= Blobbing =

Water activity

Flying on the Blob

Blobbing is an outdoor water activity in which a participant sits on the end of a partly inflated air bag (known as a water trampoline or blob) and is launched into the water when another participant jumps onto the air bag from a platform on the opposite side. The activity is popular at summer camps in North America. Various tricks may also be performed while the participant is in the air. The air bag is approximately 10 m long by 2 m wide. The recommended height for the tower is 15 feet above the water surface, or 10 feet above the air bag.

== History ==
The original blobs used were military surplus items. The "blob" was nothing other than a floating fuel tank that ships could tow. Since oil and gas floats on top of water, the fuel-filled bladders floated next to the ships. The first blobbers were the sailors who would jump from the ship, onto the "blob," although the first recorded use of the blob was in Camp Longhorn, a summer camp near Austin, Texas in which the founders' sons used the blob in the camp's canoe bay. Tex Robertson, Pat Robertson, and Bill Johnson, founders of Camp Longhorn, revised the blob for the summer camp.

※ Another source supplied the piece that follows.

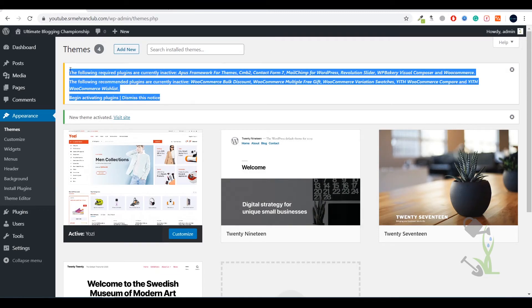Now you must be seeing some kind of notification. Our theme is suggesting us to install some recommended plugins. A theme consists of multiple functionalities, and each functionality is correlated to a certain plugin. For example, if there is a slider in your theme there has to be a slider plugin working in the backend. If you have a gallery section there must be a gallery plugin related to that section. It's always recommended that whenever your theme suggests you to install certain plugins, never ignore those messages.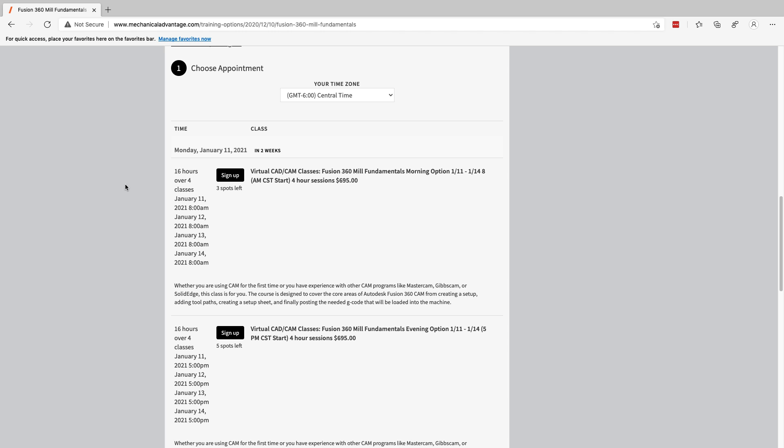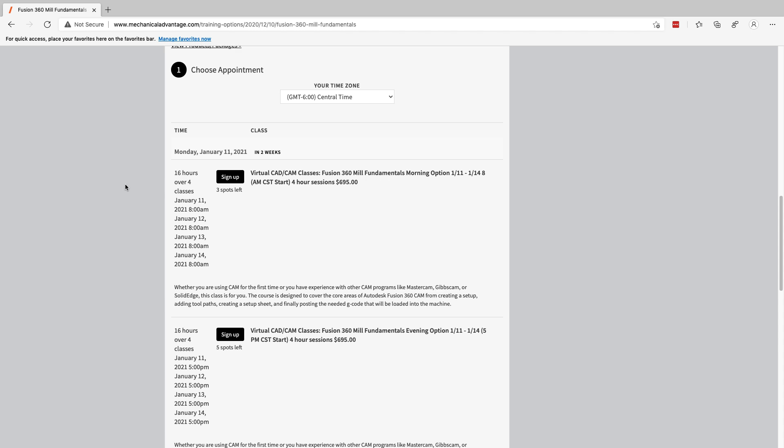I'm going to offer two sessions: a morning session from 8 to noon Monday through Friday Central Standard Time, and an evening session from 5 p.m. to 9 p.m. Central Standard Time — four-hour chunks. I really like this format because you don't get so overloaded with information. Since we're not traveling, we can spread our time out without having to cram it into eight-hour days, and you don't fall so far behind in your regular job while you're learning Fusion. Use code MILL1 for $200 off.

The first Blobs were made by a company in Texas. They decided to no longer manufacturer them. Spike White of Kanakuk Kamps in Branson, Missouri brought an old single ply version of the Blob that had been made in Texas to Jack and Lorie Hunt with Springfield Special Products in 1985 to see if they could manufacture it. They took it and made changes to the design that the Blob has today. It is a two ply heavy weight coated vinyl that comes in 25', 30', 35' and 40'. The Blobs are sold all over the world. There are distributors in several countries.

Springfield Special Products holds the national registration for the names The Blob and Waterblob in the US.

== Blobbing Battle ==
In 2011, the organizer Blob Europe arranged the first championships in Blobbing, called Blobbing Battle. The first year took place only in Austria, and from 2012 onward in other countries too. Teams battled against each other on a knock-out basis. Blobbing Battle 2011 takes place on 7 tourstops through Austria.

== World record ==

The current official Guinness World Record "greatest height achieved by being launched from an airbag" is 22 m and was set on 7 June 2012 by Christian "Elvis" Guth, Christian von Cranach and Patrik Baumann, a German blob team in Hamburg/Norderstedt (D).